This first Monday in November sees the tenth installment of The Story of Film: An Odyssey on TCM. From here on out, the accompanying programming will only be on Monday nights. No reairing of the documentary on Tuesdays and no movies in prime time Tuesday to go along with the documentary. This week brings movies from around the world in the 1970s, with films from Australia, Germany, and Senegal, among others.
I have to admit that I haven't been too terribly interested in the documentary itself after seeing the first part, which really bounced around too much when a more didactic discussion of the pioneering days of film would have sufficed. Parts of the first two episodes also gave me a vibe of "Let's slag Hollywood for the sake of doing so", which is something I have an instinctive reaction against. Not that Hollywood is the be-all and end-all of cinema; it's more that some people give me the impression of pushing the pendulum too far in the other direction.

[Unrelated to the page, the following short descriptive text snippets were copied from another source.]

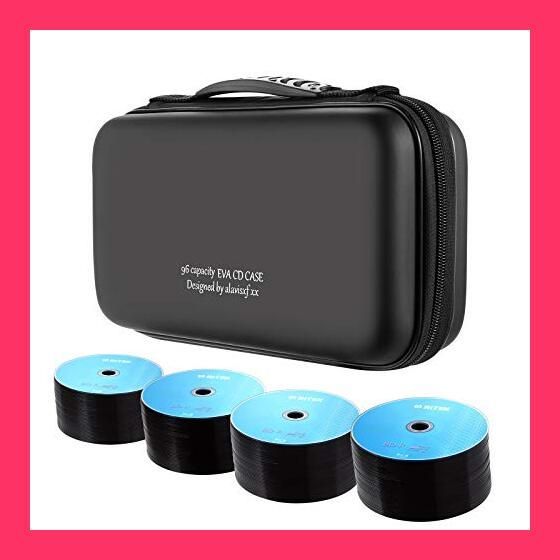 スタッフおすすめ！】LIOVODE 96枚収納 CDケースポータブルEVA blu-ray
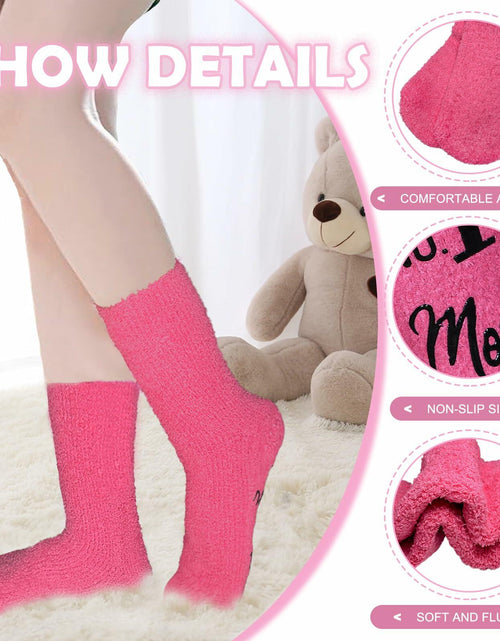 Load image into Gallery viewer, Ao Yee ZGL Mother's Day Gift Socks for Women Pink Size L
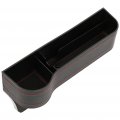 Aintier Car Seat Gap Filler Organizer Front Console Side Pocket With Cup Holder Universal Fit Adjustable Black Driver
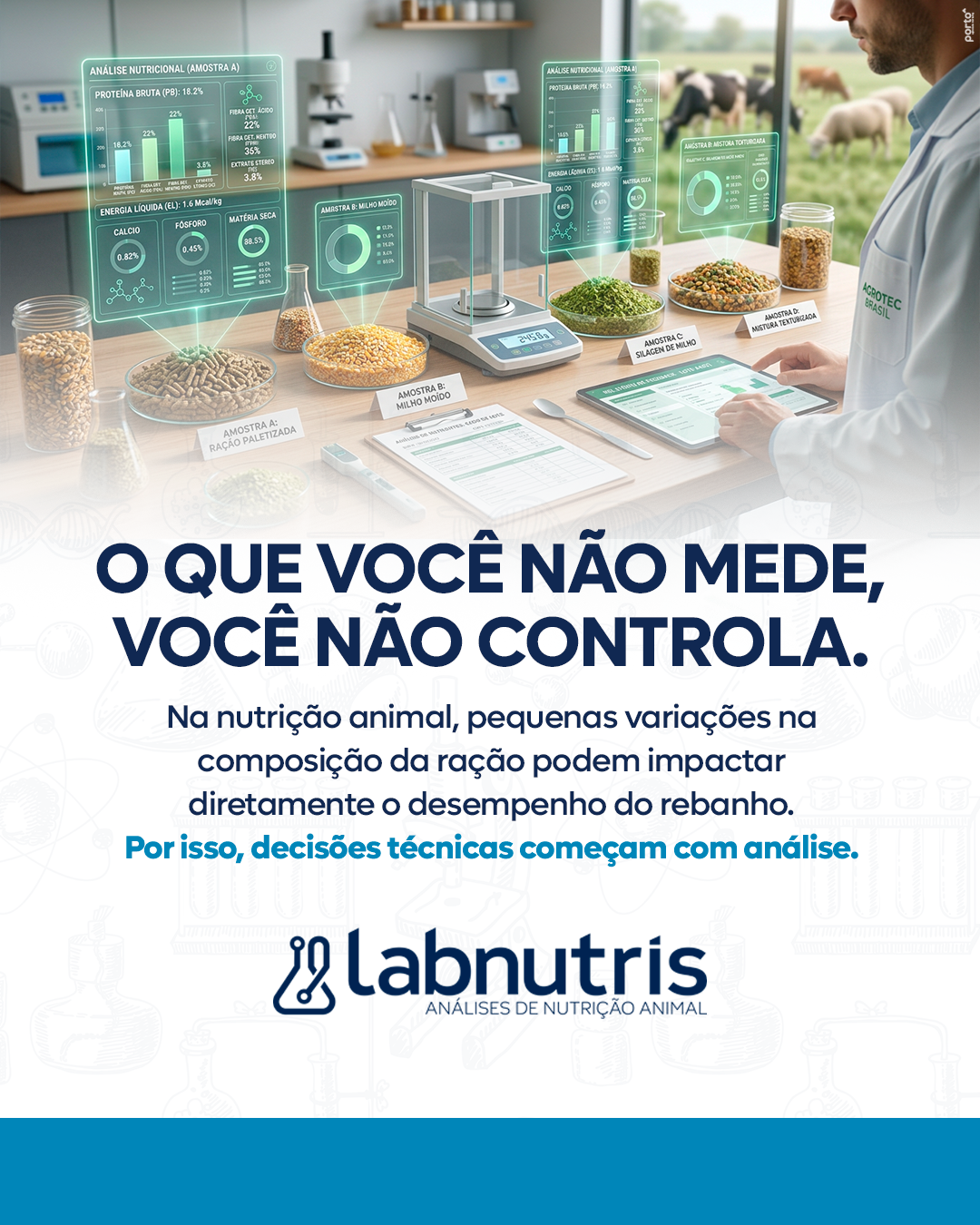 Labnutris Laboratório de Análises Físico-Quimicas de Nutrição Animal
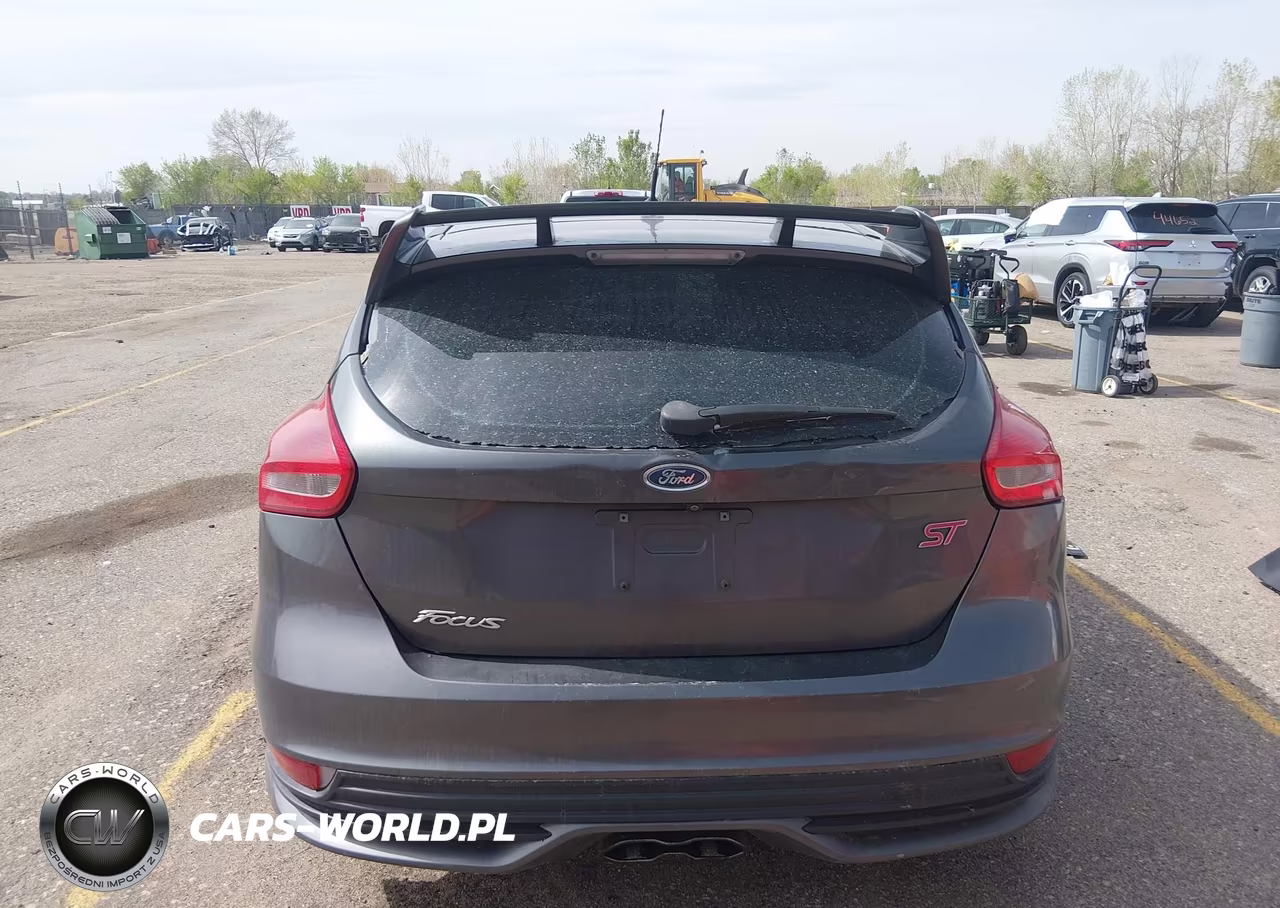 2017 Ford Focus St VIN:1FADP3L90HL212387 - 16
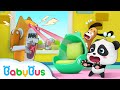 หุ่นยนต์สุนัขสุดยอด | คุณแม็กซ์จะโดนทิ้ง | การ์ตูนเด็ก | เบบี้บัส | Kids Cartoon | BabyBus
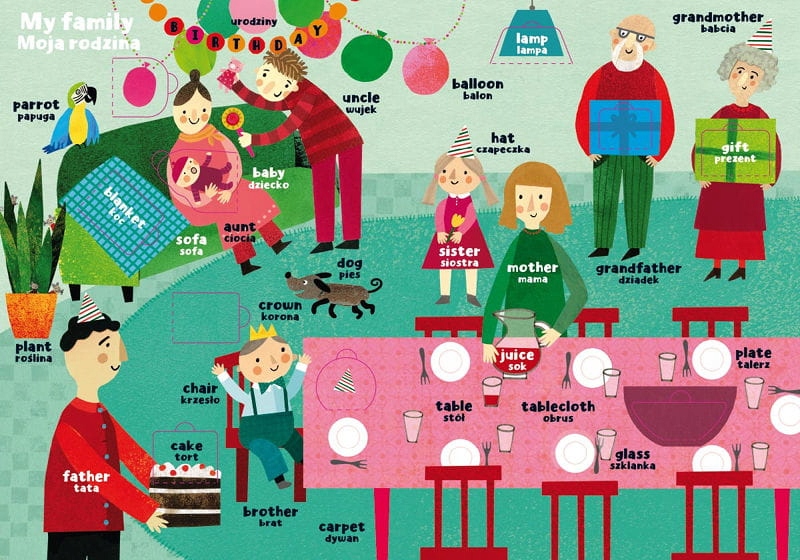 W DOMU pierwsza encyklopedia polsko-angielska ISBN 9788310138644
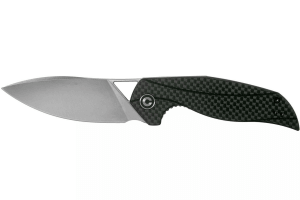 Couteau pliant CIVIVI Anthropos C903C manche en G10/fibre de carbone tout noir 10,6cm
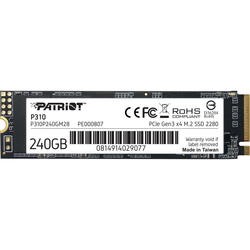 SSD-накопители Patriot Memory P310P240GM28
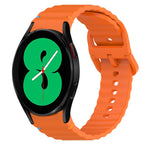 For Samsung Galaxy Watch 4 44mm / Orange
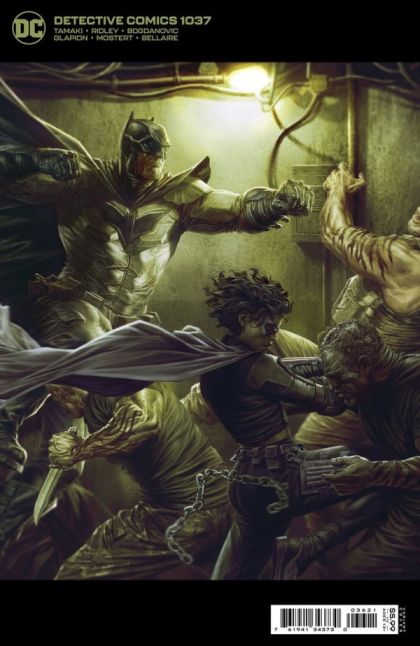 Detective Comics, Vol. 3 #1037B Lee Bermejo variant
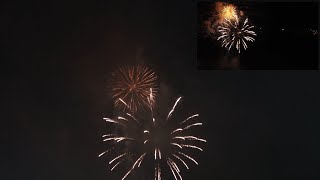 Fireworks Huntingdon Racecourse 26102024 [upl. by Loella]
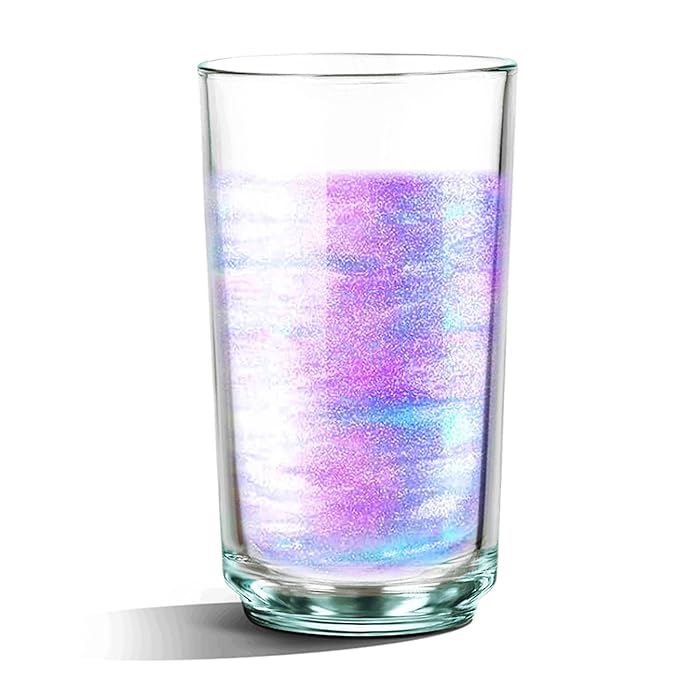 Edible Glitter Spray 22g (Iridescent) - Metallic Food Coloring Powder, Food-Grade Glitter, Metallic Shimmer Edible Color Powder - for Beverages, Cocktail, Cake Decorating, Baking, Icing, Candy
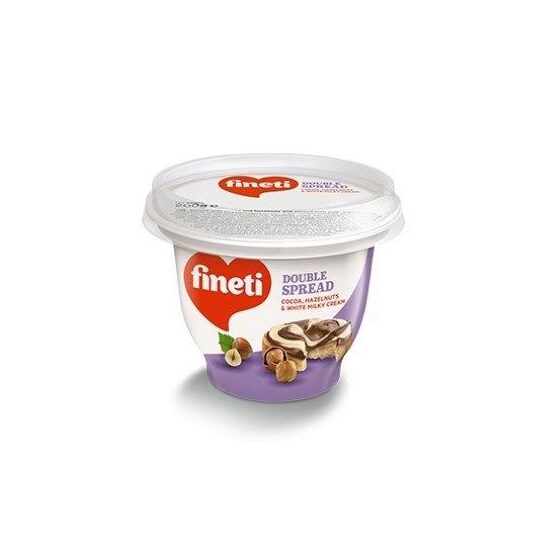 Crema de ciocolata bicolora tartinabila 200g Fineti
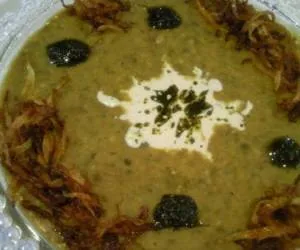 حلیم ماش و قمری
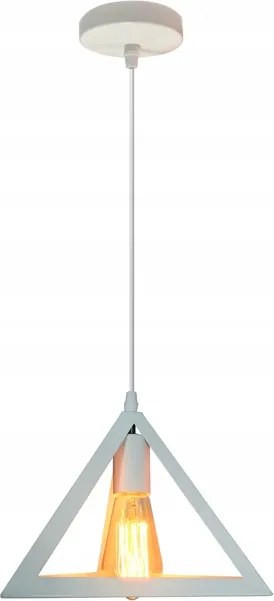 Függő Mennyezeti Lámpa Loft Industrial Háromszög E27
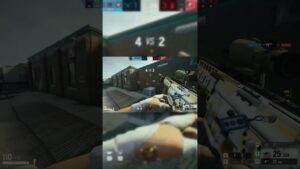 When You're Hard Support But Also Entry #RainbowSixSiege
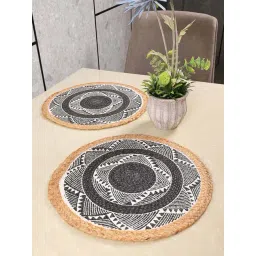 Saral Home Blue Cotton Placemats - Set of 2-picture-46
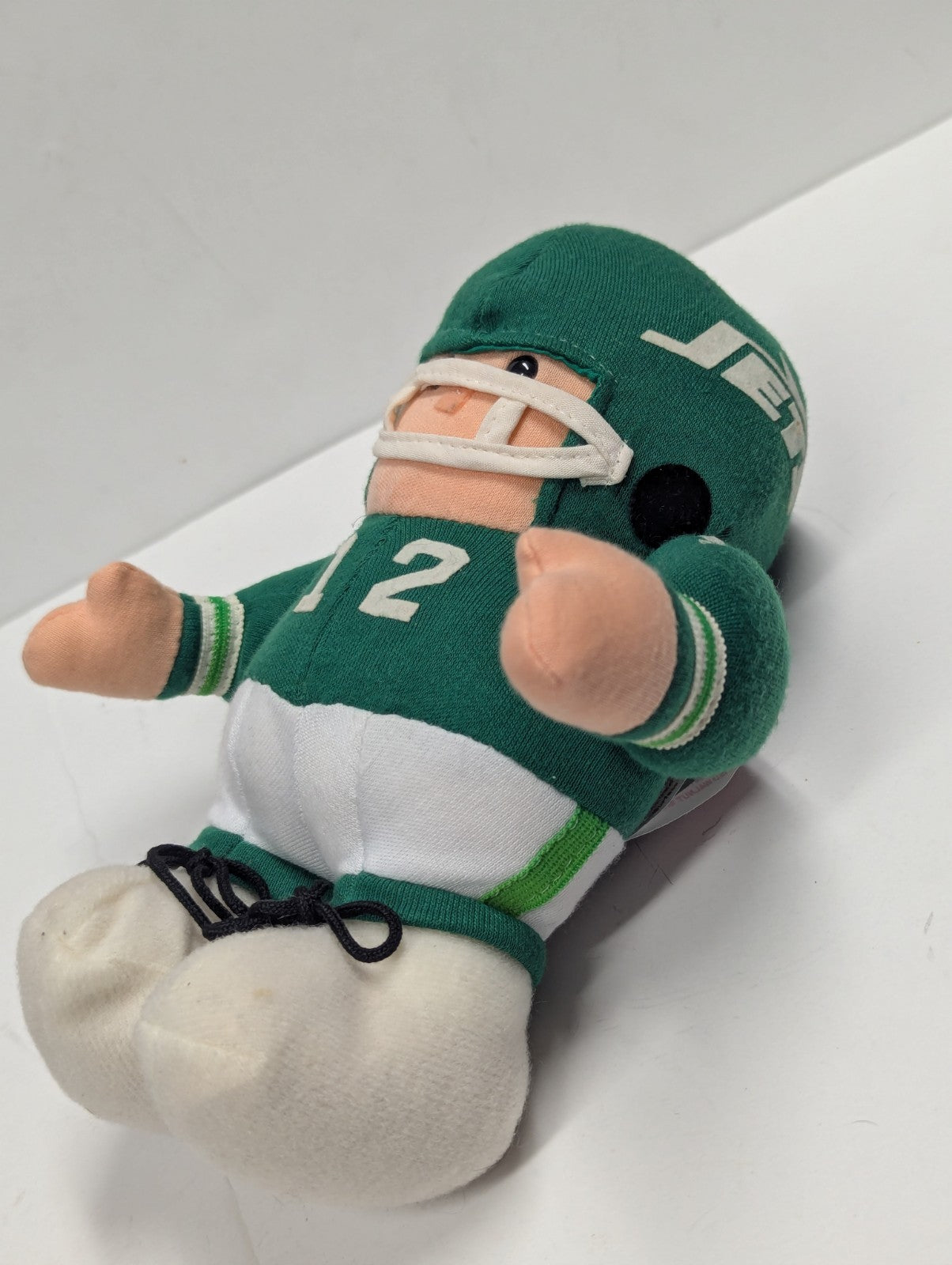 Vintage Kamar Moose NFL New York Jets #12  Joe Namath Plush Doll 8" w/TvTag RARE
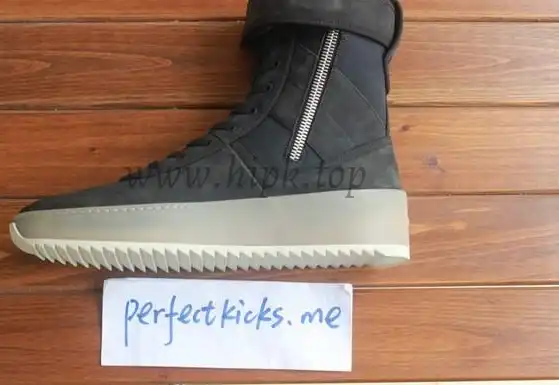 Fear of God Military Sneaker Black Gum Preorder ready 18th Dec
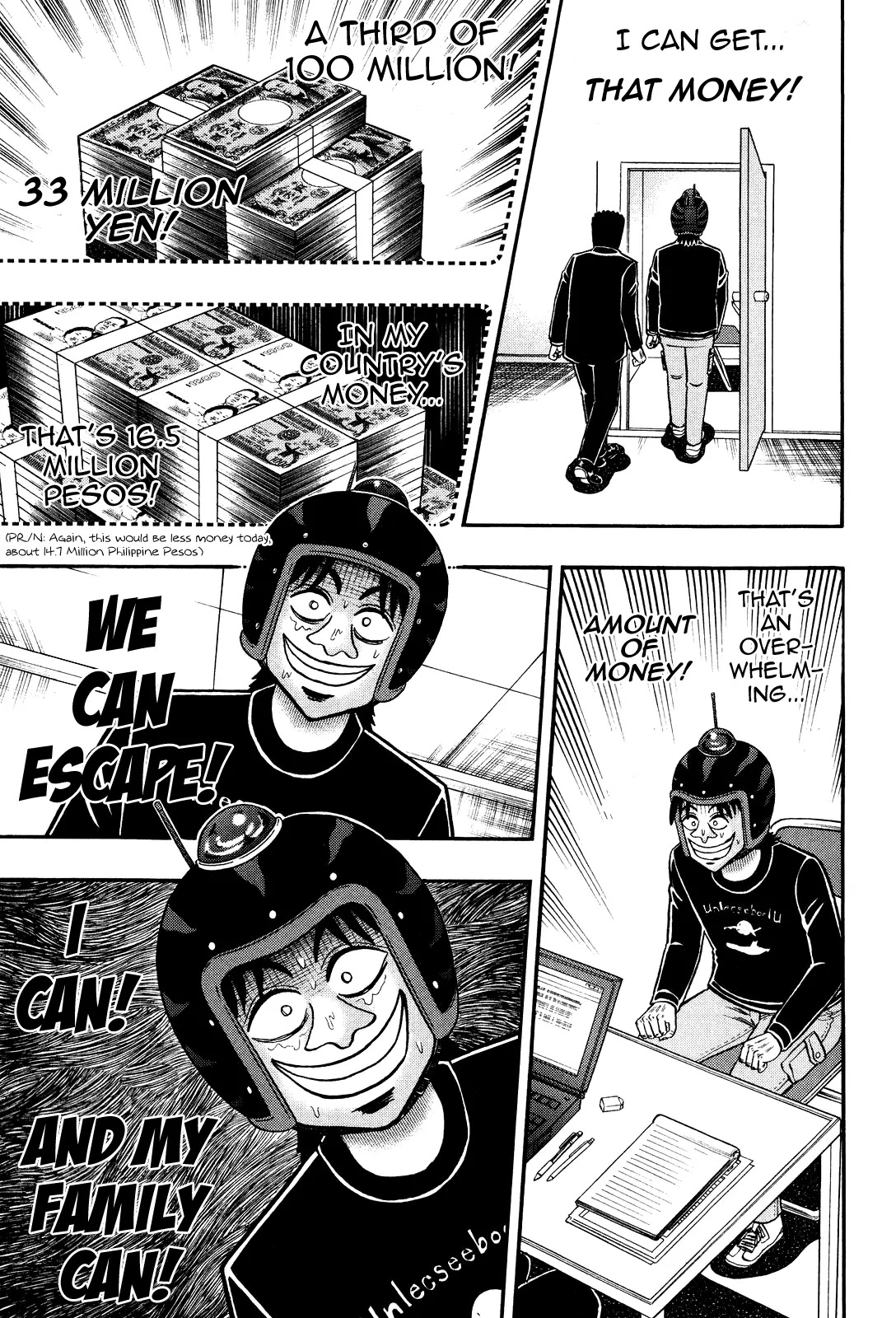 Gambling Outcast Kaiji: The Kazuya Arc - Kaiji Part 4 Chapter 27 page 12 - Chapter 27: Rushing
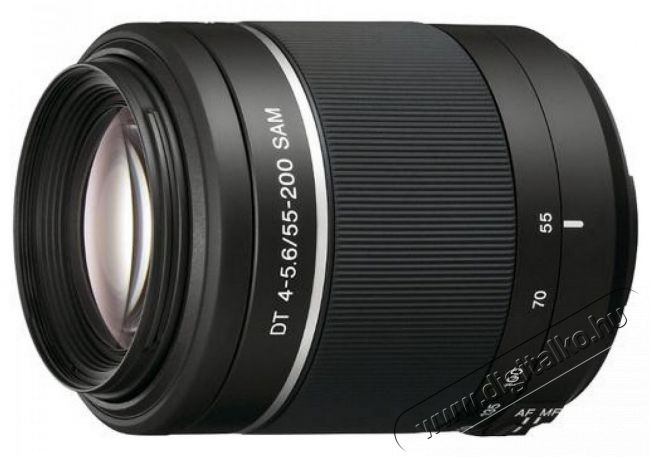 SONY 55-200mm f/4-5,6 (SAL-55200-2) Objektív Fotó-Videó kiegészítők - Objektív - Zoom objektív - 279972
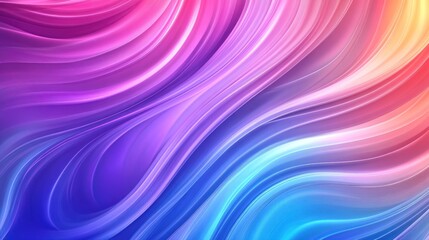 Obraz premium Abstract Colorful Swirls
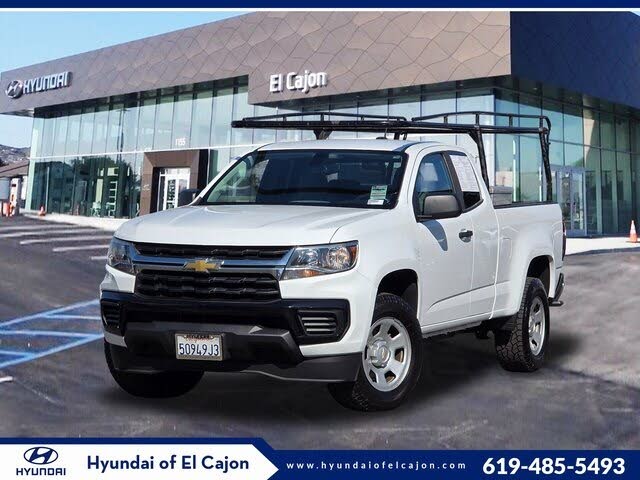 2022 Chevrolet Colorado Work Truck Extended Cab RWD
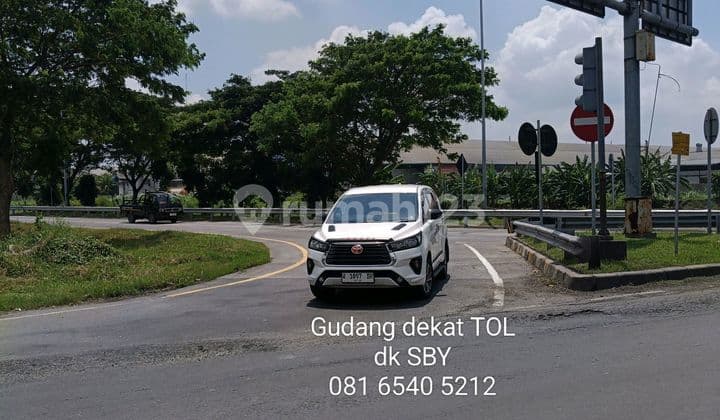 Modern Warehouse Near Toll 900 Jt Free from Illegal Levies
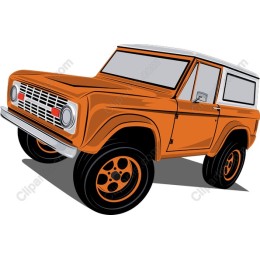 Classic Off-Road Vehicle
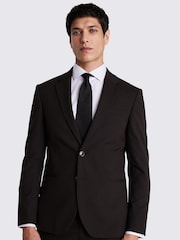 MOSS Brown Slim Fit Jacket - Image 3 of 5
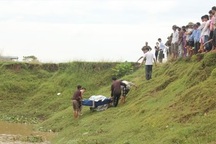 Phát hiện xác chết không đầu, không chân, không tay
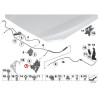 BMW 5 6 7 F01 F02 F03 F04 F06 F10 F11 HOOD BONNET LOCK LATCH LEFT 2009-2016 7206453 51237206453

I'm always up for interesting and new-to-me foreign films, though, and in that regard, along with some of the silent stuff that got shown, the programming around The Story of Film has been quite a good thing. Some of it, like Falling Leaves or Rome, Open City, I had already seen before, but was nice to have on the schedule again. (I say this especially about early silent stuff.) Other films, like the Japanese film Boy a couple of weeks back, was totally new to me in that I had never even heard of it. Boy, unfortunately, doesn't seem to be on DVD, which is a shame since it's a very interesting, if imperfect movie.
Some of them, I have to admit I didn't particularly care for, such as Jean Vigo's Zéro de conduite, which to me really didn't seem to go anywhere or have characters I was particularly interested in. But I'm sure there are people who don't like some of my selections, and TCM really should be praised for giving everybody something new to try.